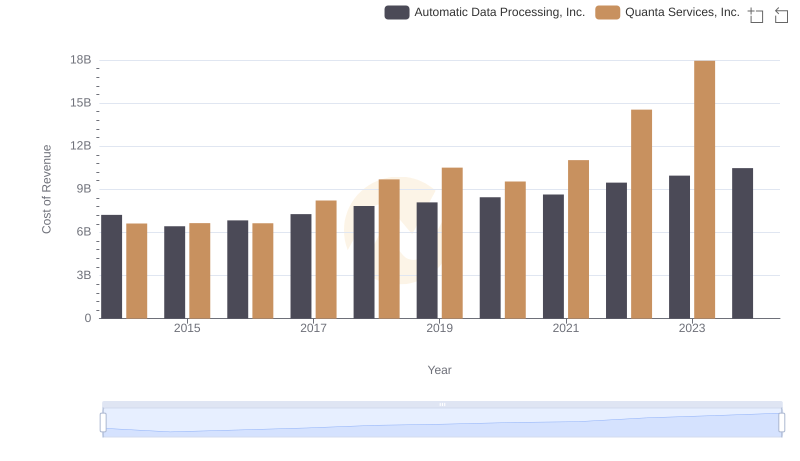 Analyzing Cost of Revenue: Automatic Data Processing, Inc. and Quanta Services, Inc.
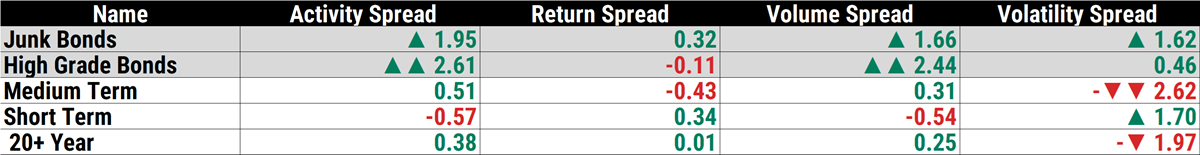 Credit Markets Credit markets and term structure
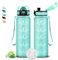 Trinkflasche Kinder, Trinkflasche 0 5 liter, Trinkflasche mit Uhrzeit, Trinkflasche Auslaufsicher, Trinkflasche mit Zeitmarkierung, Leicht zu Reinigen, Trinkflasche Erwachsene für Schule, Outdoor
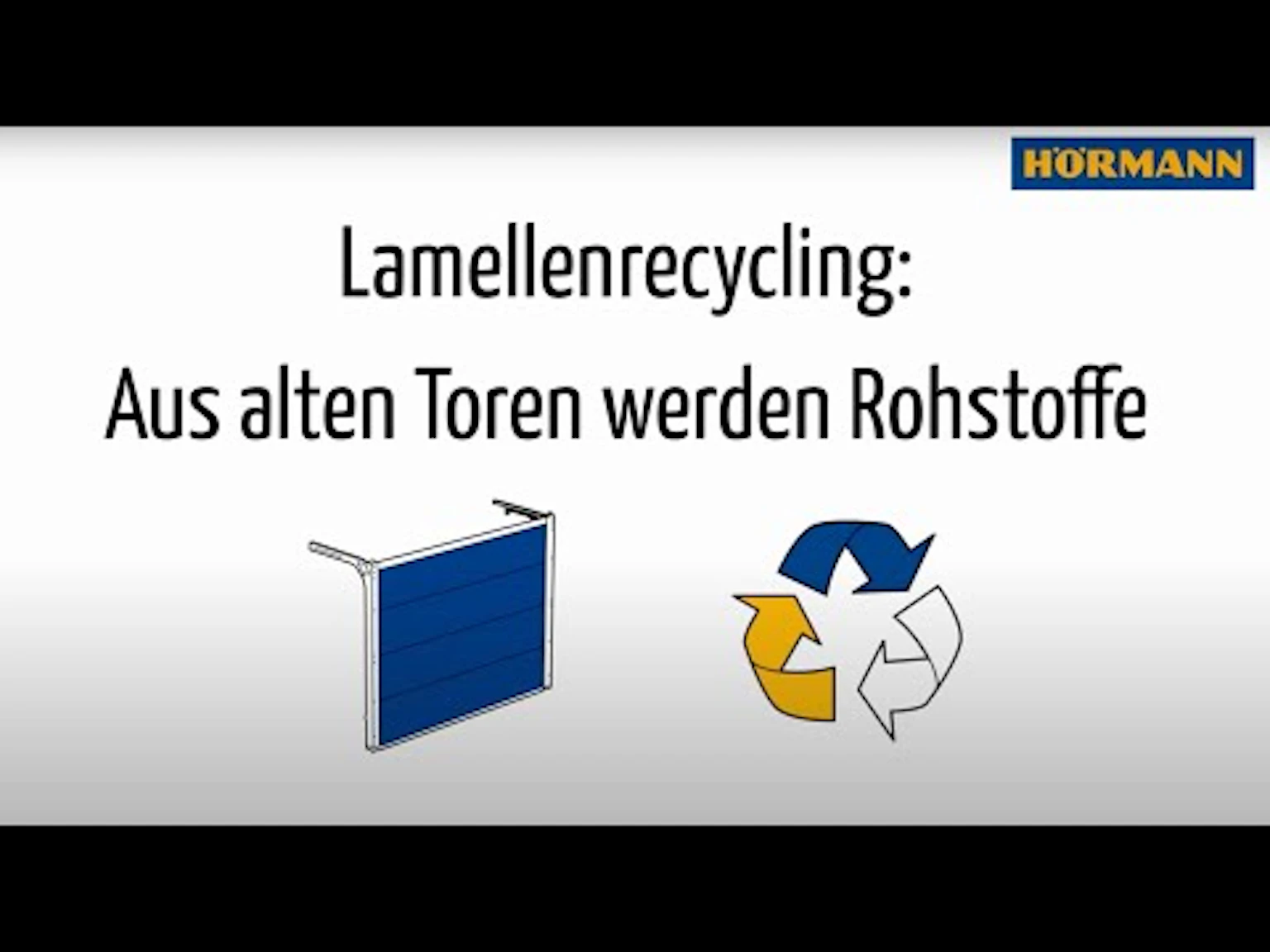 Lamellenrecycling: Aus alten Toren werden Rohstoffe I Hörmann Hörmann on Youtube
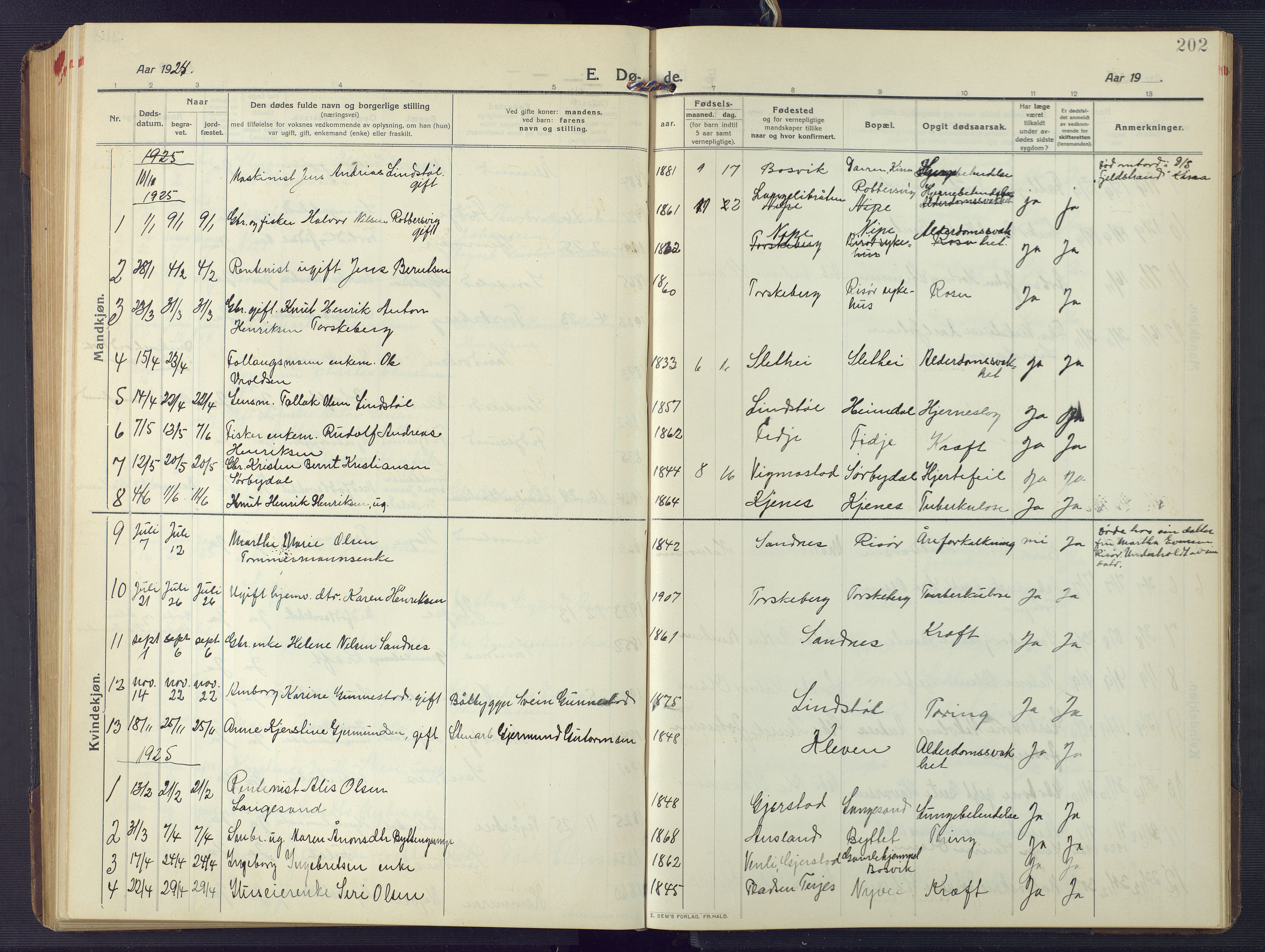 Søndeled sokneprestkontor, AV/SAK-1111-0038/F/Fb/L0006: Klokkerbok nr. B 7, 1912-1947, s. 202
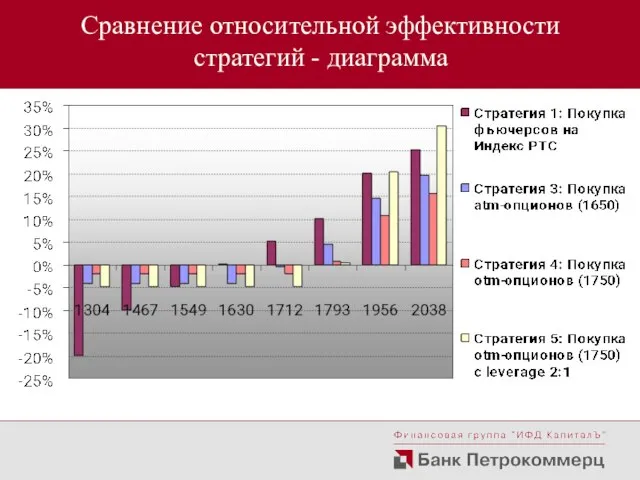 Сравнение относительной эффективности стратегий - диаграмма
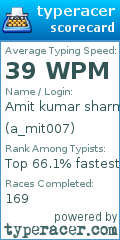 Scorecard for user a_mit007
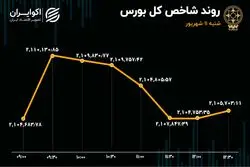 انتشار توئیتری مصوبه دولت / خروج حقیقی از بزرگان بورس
--
● **TASK OBJECTIVE**
Reproduce word for word only the lines between the line containing "1912-1947, s. 202" and the end of the listing above, both included, and drop any pictures.

● **SOLUTION FOR THIS TASK**
 Søndeled sokneprestkontor, AV/SAK-1111-0038/F/Fb/L0006: Klokkerbok nr. B 7, 1912-1947, s. 202
 Сравнение относительной эффективности стратегий - диаграмма
 Scorecard for user a_mit007
 انتشار توئیتری مصوبه دولت / خروج حقیقی از بزرگان بورس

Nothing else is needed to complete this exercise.